上海人对政治、特别是国际政治一直有浓厚的兴趣,美国总统大选,英国女王生日,欧洲国家领导人养只猫、跳个舞,他都当大事体。这也许跟上海一百年前就成为一个口岸城市,国际化程度较高有关,也与后来出国留学、移民的上海人较多有关。

但与切身利益攸关的公共事务他不一定感兴趣,比如业委会选举。上海有很多小区业委会换届常常遇到难产,收到的选票严重不足。许多上海人不愿意参与公共事务,坐等自己的一部分利益到手,但别人辛辛苦苦地付出,他总要指手画脚,不惜以最大的恶来揣测别人,散布流言,阴谋论盛行。

那会儿,进入新的社区后,上海人的性格变了,不大愿意与邻居往来。

以前绝大多数上海人蚁聚在石库门弄堂里,居住空间狭小,社交距离几乎为零,抬头不见低头见,涸辙之鲋,唯有相濡以沫,才能在艰难时世克服种种困难,保持微弱的尊严。但同时也造成了喜欢偷窥人家隐私,背后说人闲话,传布流言,拨弄是非的习性。

如今住房条件大为改善,进入新的社区后,上海人的性格变了,不大愿意与邻居往来,以至同一楼层的邻居十几年里不相往来,更不知道对方的姓名,似乎被人知道了,大概,就暴露了隐私,会造成不可知的损失,被对方看低一头。外地人认为上海人冷漠,自私,矜持,傲慢,不是无中生有。

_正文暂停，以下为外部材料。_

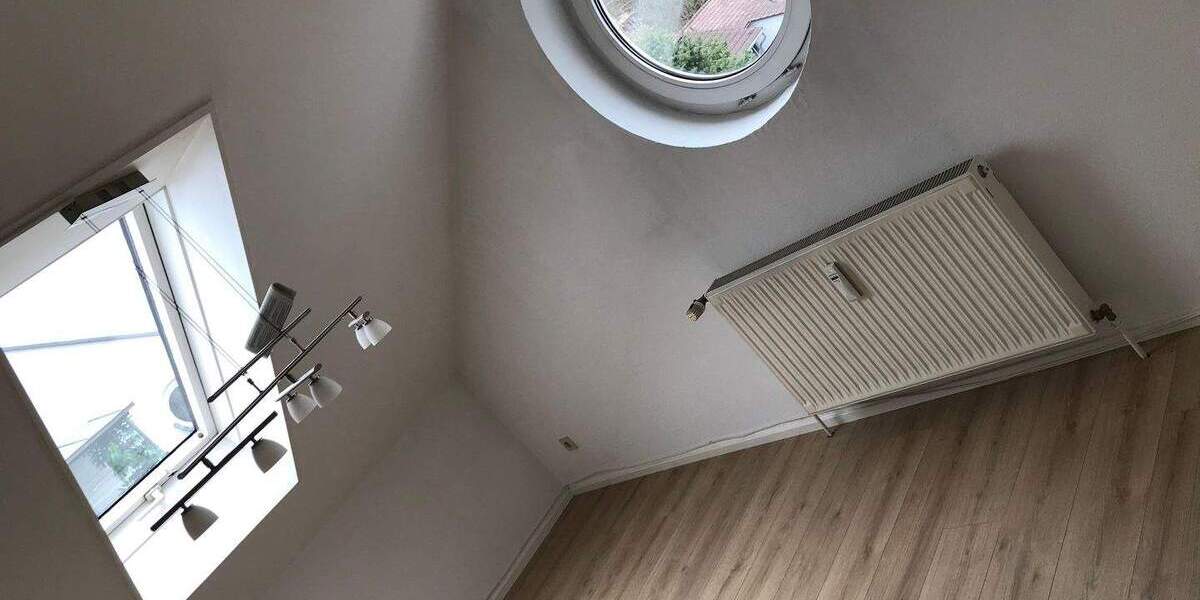 Etagenwohnung Esslingen am Neckar Zell - 3 Zimmer, 75 m&sup2;, 890&euro; | Angebot:25525371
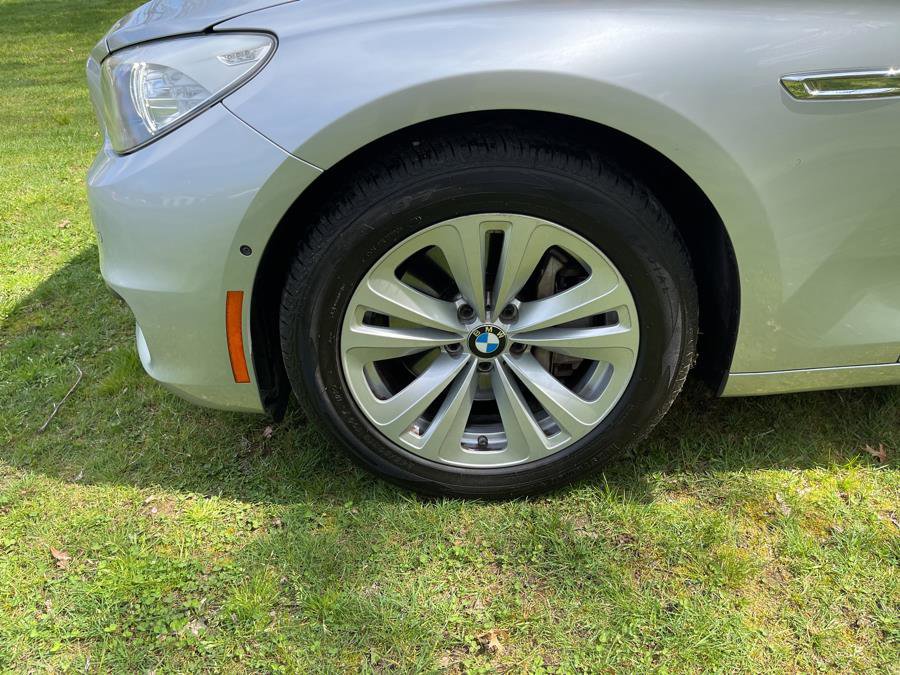 Used 2017 BMW 535i Gran Turismo image 23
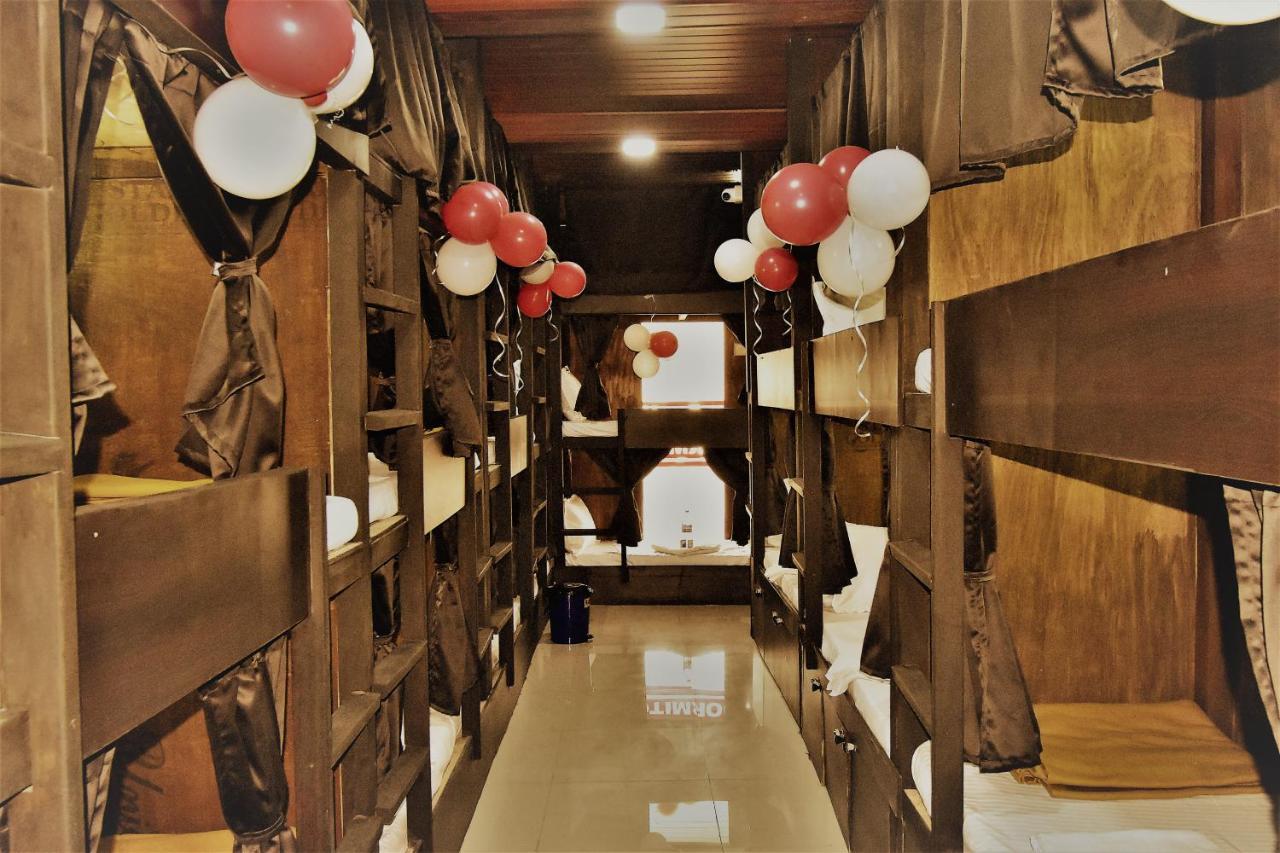 Asra Dormitory For Male And Female Βομβάη Εξωτερικό φωτογραφία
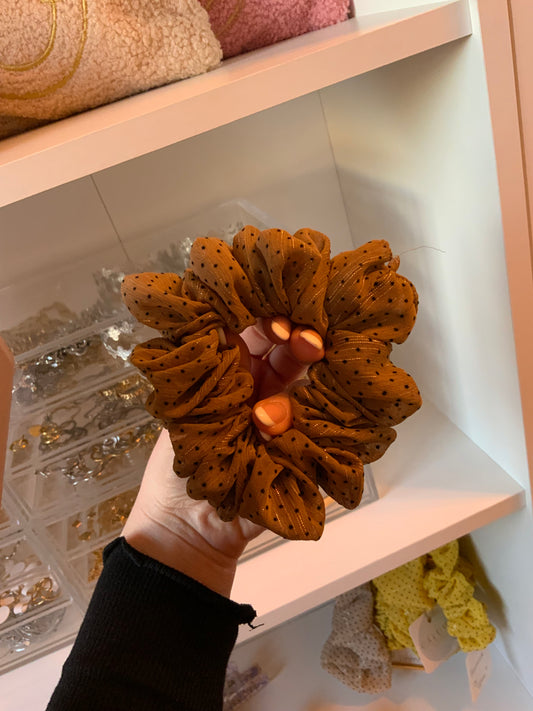 ⊹ DOTTI Brown ⊹ Scrunchie medium (handmade)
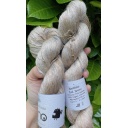 BrilLino filato tinto a mano colore Ivory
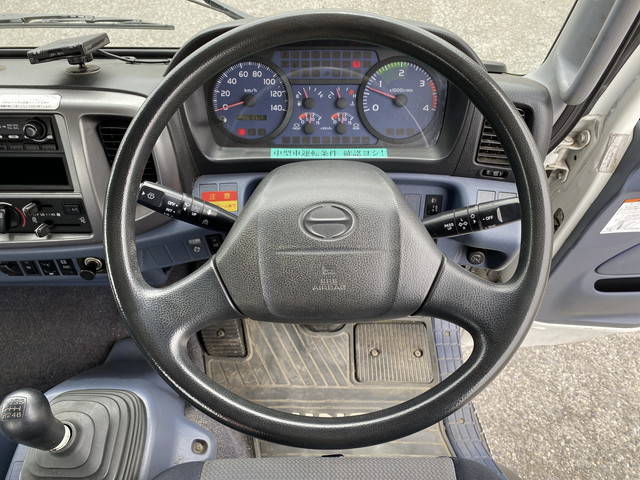 日野レンジャーセルフクレーン4段中型（4t）[写真33]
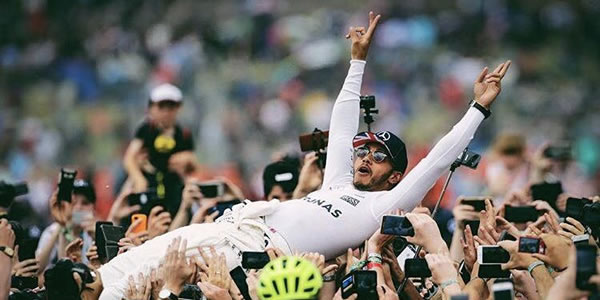 Hamilton pone emoción al Mundial en Silverstone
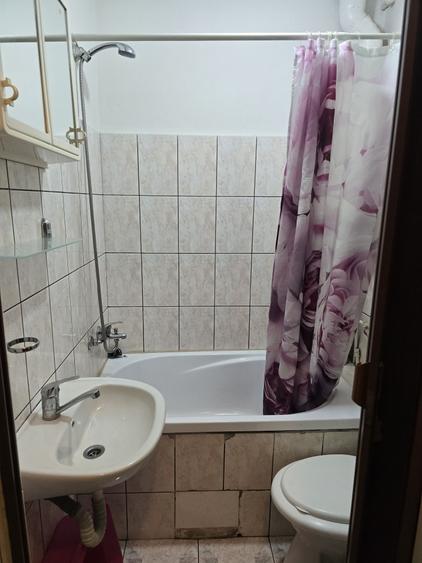 Garsonieră decomandată în Exterior Vest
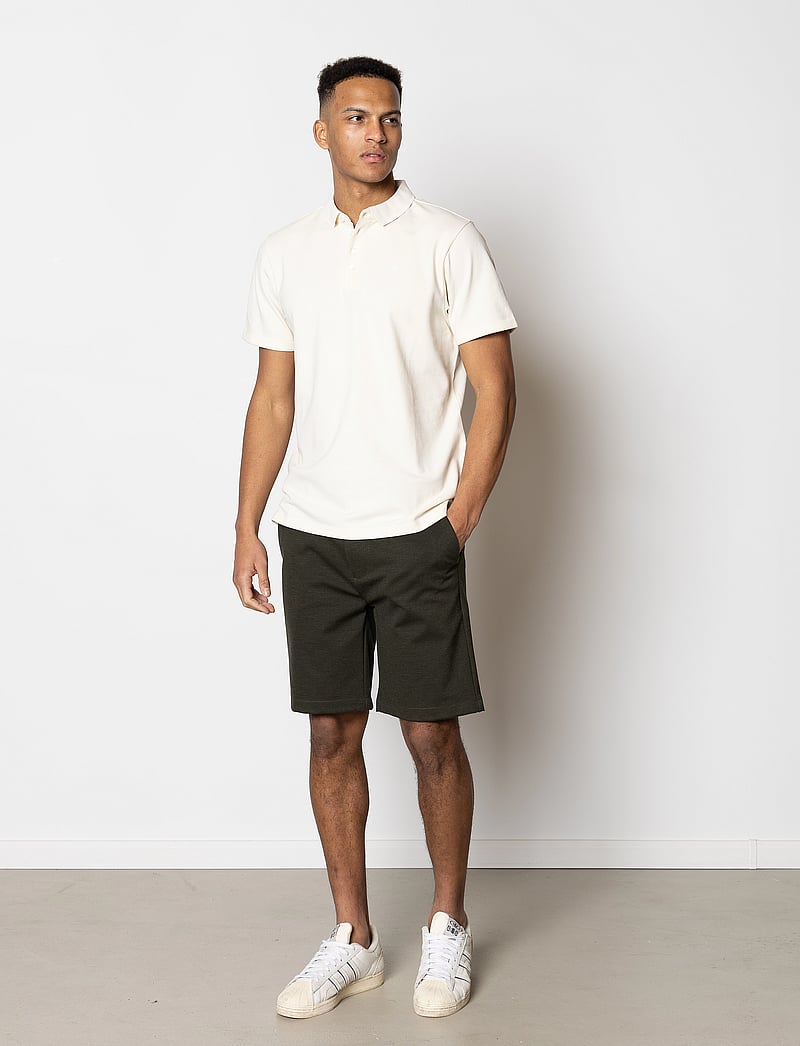 Clean Cut Copenhagen - Milano Brendon Jersey Shorts - chinos shorts - army - 4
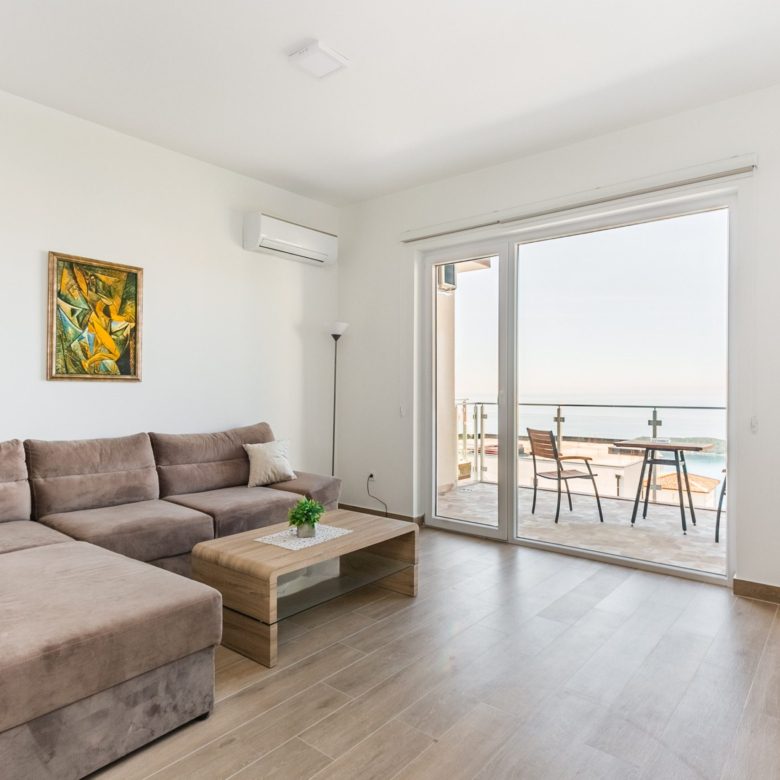Spacious 2-Bedroom Apartment — Montenegro
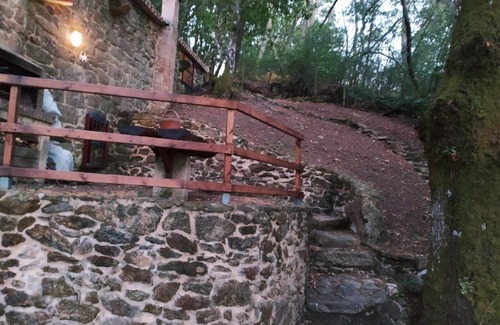 Pereiro de Aguiar House | Discover Casa Bodeguita Sacra: Family-Friendly Retreat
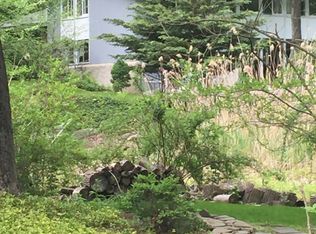 290 Quaker Rd, Chappaqua, NY 10514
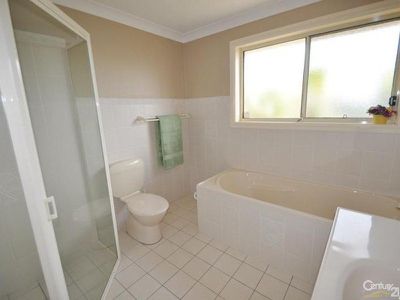 10 Gwydir Court, Dubbo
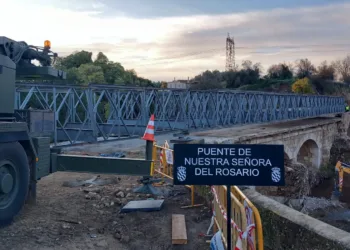 La Diputación inicia las obras del camino de acceso para hacer transitable el puente de Buñol montado por la UME 1 La Diputación inicia las obras del camino de acceso para hacer transitable el puente de Buñol montado por la UME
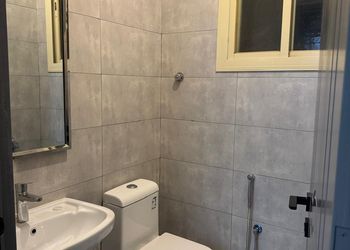 استديو بأثاث مريح وبسيط 
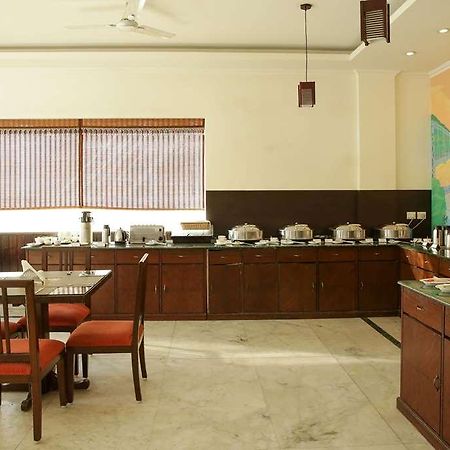 Comfort Hotel Dewa Retreat Rishīkesh Restaurant foto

上海人也有相对固定的朋友圈,朋友圈里可以谈得比较放松,但与初次相识的人打交道也就客客气气,说话是留了几分的。或许他是在掂量你,包括你的身份、家庭、职业、性格以及支付能力等等,如果有价值——包括利用价值和交际价值,气味对头,三观相近,他才愿意跟你交往下去。

上海滩原本是开放的,正是海纳百川、不拘细流,造就了繁华的市面。然而因为拆白党、仙人跳、放白鸽、阿诈里太多,又因为后来风里来雨里去,窝里斗得天翻地覆,吃过亏的上海人选择明哲保身,学会了察言观色,谨言慎行,城府越来越深,坚决不当出头鸟。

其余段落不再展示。